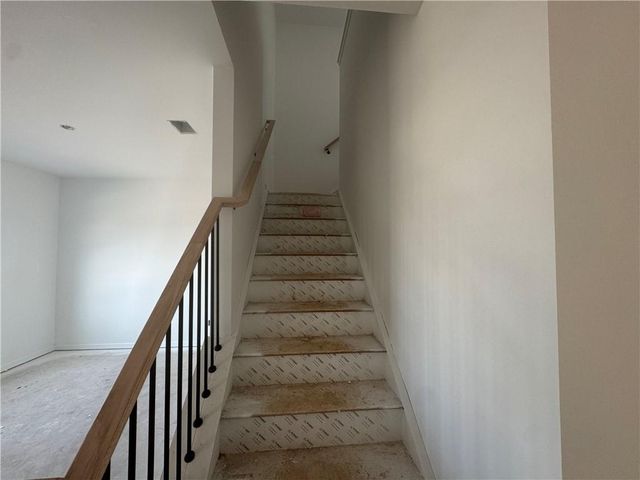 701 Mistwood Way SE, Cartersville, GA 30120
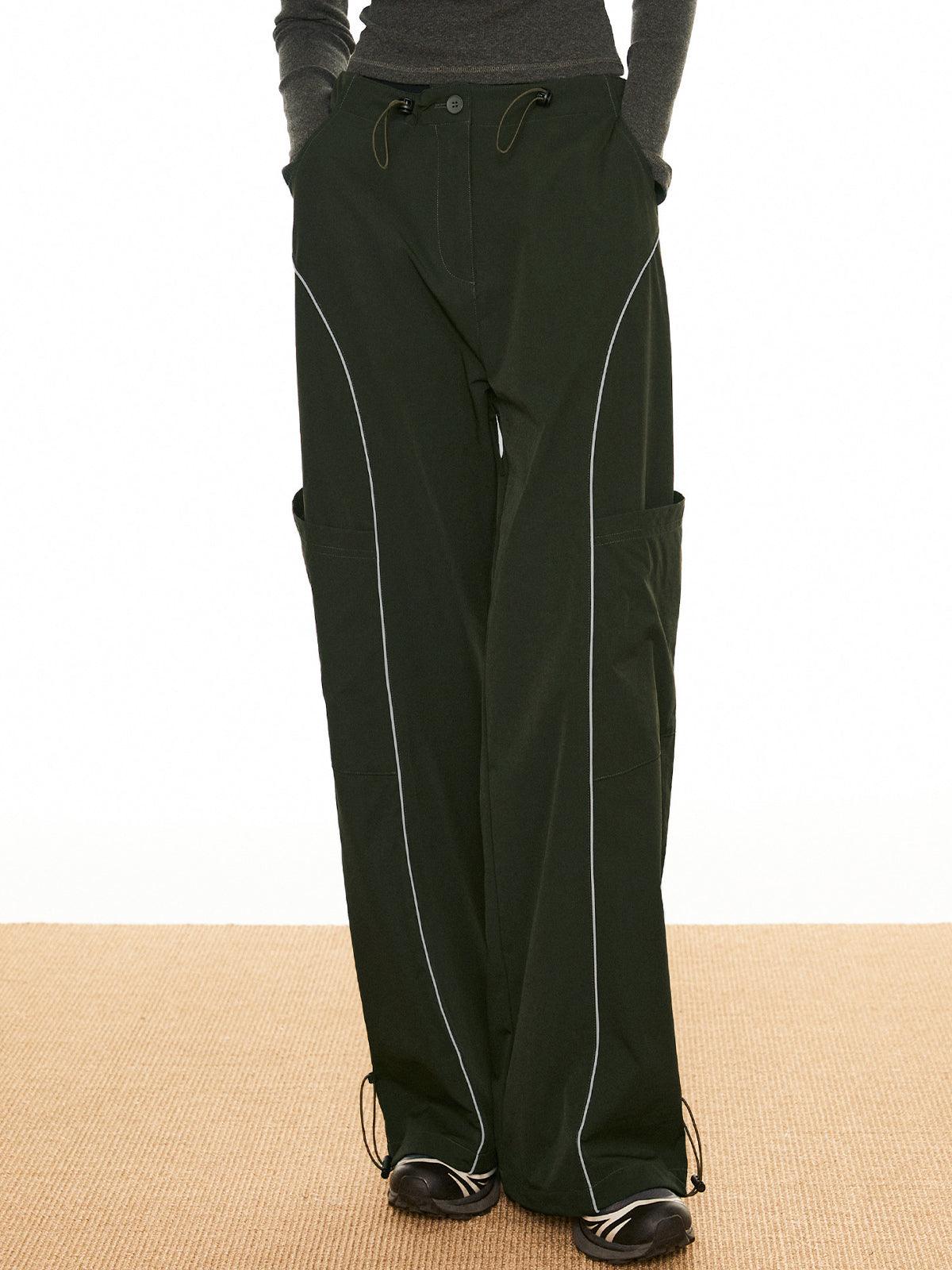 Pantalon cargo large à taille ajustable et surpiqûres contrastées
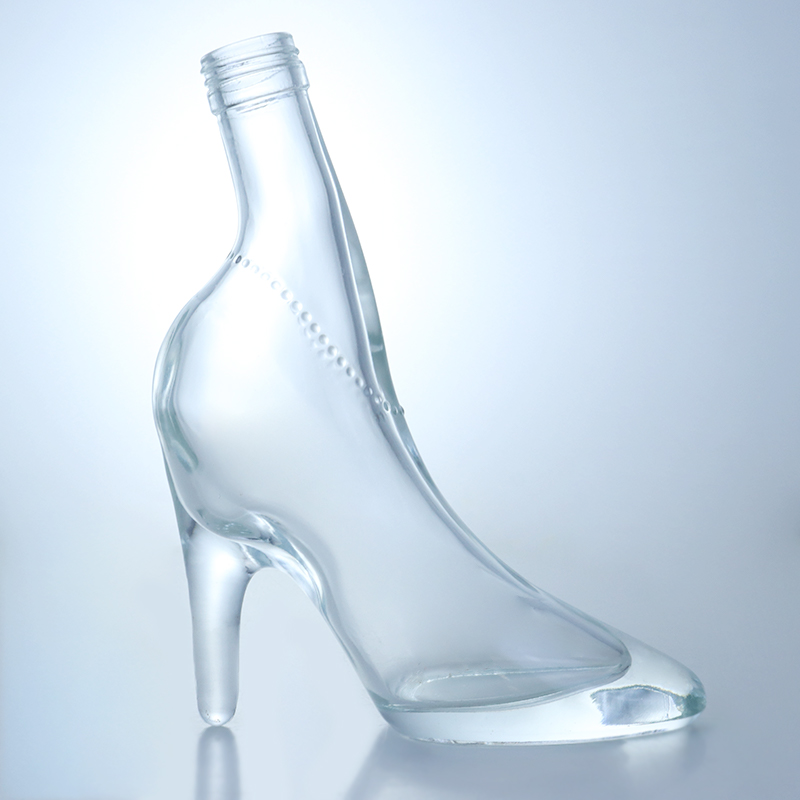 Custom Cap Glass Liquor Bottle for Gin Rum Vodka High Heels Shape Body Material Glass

━━━━━━━━━━

### Work task
Copy the data exactly. Any picture it contains is to be omitted.

### Answer for this exercise
 701 Mistwood Way SE, Cartersville, GA 30120
 Pantalon cargo large à taille ajustable et surpiqûres contrastées
 Custom Cap Glass Liquor Bottle for Gin Rum Vodka High Heels Shape Body Material Glass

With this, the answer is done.